Open Adoption — Practice & Policy Guidelines
By Deborah H. Siegel, PhD, LICSW, DCSW, ACSW
Social Work Today
Vol. 6 No. 6 P. 24

Read this comprehensive overview of open adoption from an expert educator, consultant, researcher, and adoptive parent.

Alice and Brenda, adoptive parents of 9-year-old Carl, sit facing Don, their new clinical social worker.

“We’re lost. We need guidance,” begins Alice.

Brenda continues, “Alice and I have been together as a committed couple for 11 years. We decided two years ago to adopt a child; it’s been a long process finding an agency that would work with a same-sex couple, and finally, six months ago, we brought Carl home. The state’s public child welfare agency told us that if we wanted to adopt Carl, we had to agree to bring him to visits with his birth parents, Susan and Sam, every six months until Carl turns 18. Susan and Sam terminated their parental rights voluntarily, in exchange for the promise of these ongoing visits with Carl.

“We understand that Carl has feelings for his birth parents, even though he was taken from them at birth because he was born with cocaine and methamphetamines in his body. He’s been in and out of foster care all of his life. From time to time, he’d be reunited with Susan and Sam, but each time he’d be neglected and had to return to foster care. Susan and Sam both have lifelong substance abuse issues, Susan has bipolar disorder, and Sam has ADHD [attention-deficit/hyperactivity disorder], and they’ve both sold drugs from time to time to get money for their own addictions. They’ve tried valiantly to get off of drugs so they can parent Carl, but it just hasn’t worked. They want Carl to have a stable, secure family life.
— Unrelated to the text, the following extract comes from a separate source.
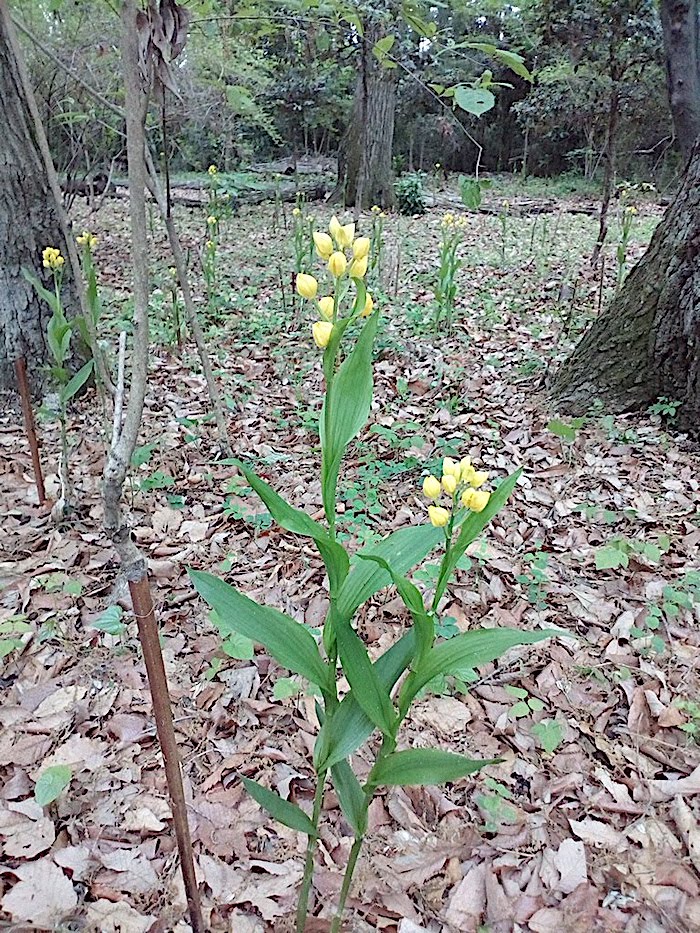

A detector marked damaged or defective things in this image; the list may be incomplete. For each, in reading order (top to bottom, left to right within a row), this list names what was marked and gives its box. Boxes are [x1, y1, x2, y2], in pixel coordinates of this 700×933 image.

“We recognize that Carl needs to stay connected to his Hispanic and African American origins, especially since we’re both Irish. But won’t it be confusing and upsetting for him to be forced to see Susan and Sam every six months? And Carl’s birth mother is pregnant again. She and Sam plan to parent their new baby. Won’t knowing this upset Sam? And what if Susan and Sam aren’t OK with us being lesbian? Should we honor the promises the agency made to them about visitation?”
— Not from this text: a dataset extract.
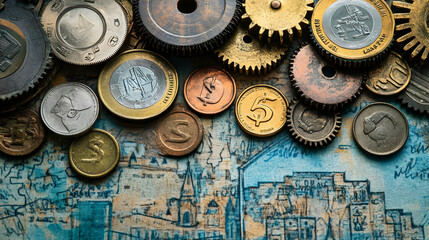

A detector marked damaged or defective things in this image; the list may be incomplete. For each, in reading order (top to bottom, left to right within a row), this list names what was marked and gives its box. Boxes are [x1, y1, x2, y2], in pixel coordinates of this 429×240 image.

rusty coin [184, 65, 237, 114]
rusty coin [0, 108, 44, 156]
rusty coin [156, 105, 203, 156]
Don, who does family therapy, sits nervously in his chair, listening with growing anxiety to his new clients’ story. “What am I to say to them? How can I help them figure this out?” he ponders. “I’ve only attended one continuing education workshop on adoption, and it didn’t cover this kind of situation. I don’t know the answers to their questions.” Don’s instinct is to say, “Carl is your child now. You’re the parents. Trust your gut. The agency may have promised visits, but you don’t have to honor that promise.” But he’s unsure about the ethics and clinical consequences of that stance.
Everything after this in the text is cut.